Explaining the relationship between machine learning and artificial intelligence is one of the most challenging concepts that I encounter when talking to people new to these topics. I don’t pretend to have the definitive answer, but, I have developed a story that seems to get enough affirmative head shakes that I want to share it here.
The diagram above has appeared in many introductory books and articles that I’ve seen. I have reproduced it here to highlight the challenge of talking about “subsets” of abstract concepts – none of which have widely accepted definitions. So, what does this graphic mean or imply? How is deep learning a subset of artificial intelligence? These are the questions I’m going to try to answer by telling you a story I use for briefings on artificial intelligence during the rest of this article.

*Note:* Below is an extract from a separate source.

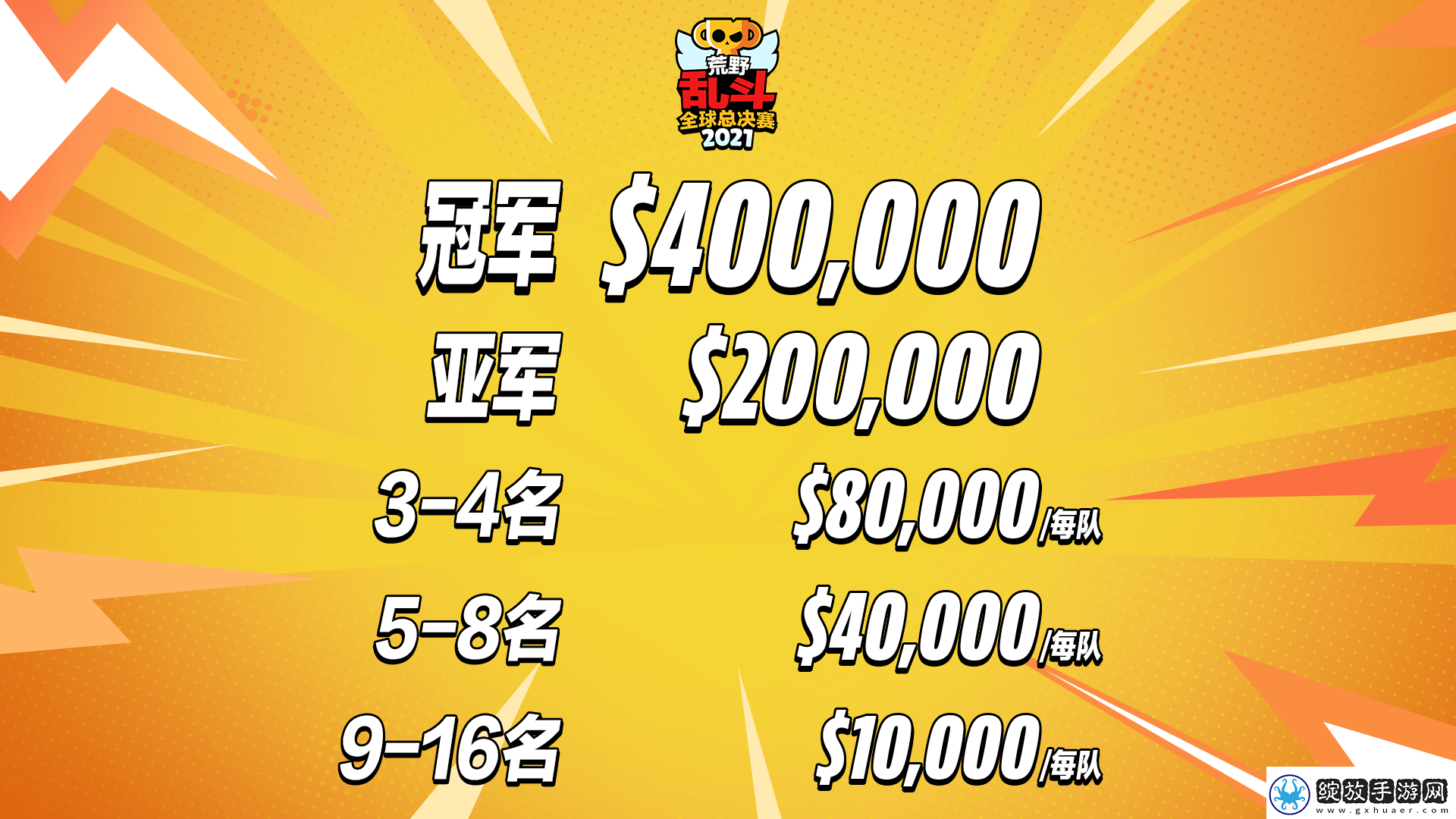看比赛得皮肤&表情！荒野乱斗全球总决赛明日开战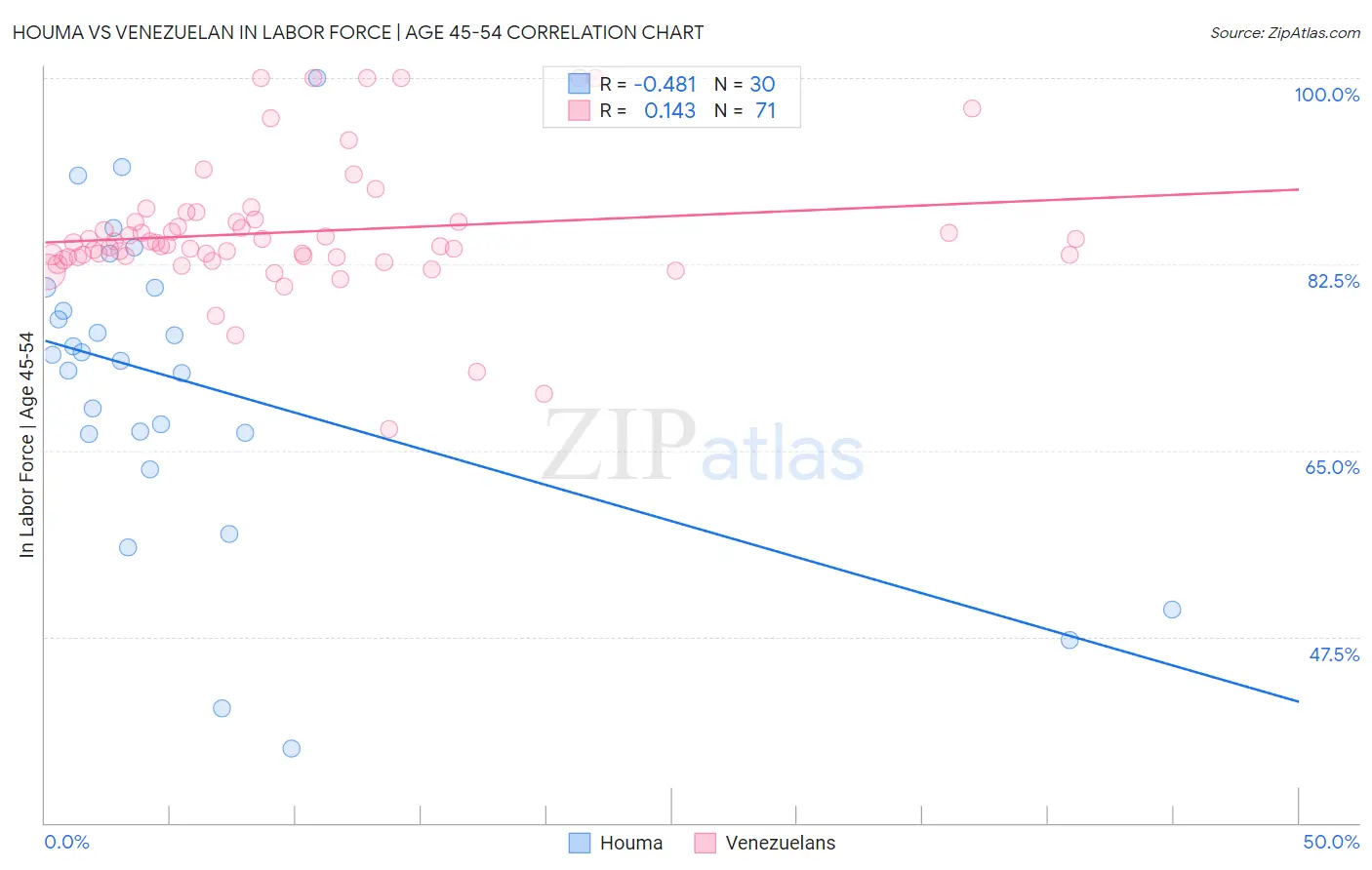 Houma vs Venezuelan In Labor Force | Age 45-54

Since so many people have read about and studied examples of using deep learning for image classification, that is my starting point. I am not however going to talk about cats and dogs, so please hang with me for a bit longer. I’m going to use an example of facial recognition. My scenario is that there is a secure area in a building that only 4 people (Angela, Chris, Lucy and Marie) are permitted to enter. We want to use facial recognition to determine if someone attempting to gain access should be allowed in. You and I can easily look at a picture and say whether it is someone we know. But how does a deep learning model do that and how could we use the result of the model to create an artificial intelligence application?
I frequently use the picture below to discuss the use of deep neural networks for doing model training for supervised classification. Now when looking at the network consider that the goal of all machine learning and deep learning is to transform input data into some meaningful output. For facial recognition, the input data is a representation of the pixel intensity and color or grey scale value from a picture and the output is probability that the picture is either Angela, Chris, Lucy or Marie. That means we are going to have to train the network using recent photos of these four people.
A highly stylized neural network representation
This picture above is a crude simplification of how a modern convolutional neural network (ConvNet) used for image recognition would be constructed, however, it is useful to highlight many of the important elements of what we mean by transforming raw data into meaningful outputs. For example, each line or edge drawn between the neurons of each layer represent a weight (parameter) that must be calculated during training. These weights are the primary mechanism used to transform the input data into something useful. Because this picture only includes 5 layers with less than 10 nodes per layer it is easy to visualize how fully connected layers can quickly increase the number of weights that must be computed. The ConvNets in wide spread use today typically have from 16 to 200 or more layers, although not all fully connected for the deeper designs, and can have 10's of millions to 100’s of millions of weights or more.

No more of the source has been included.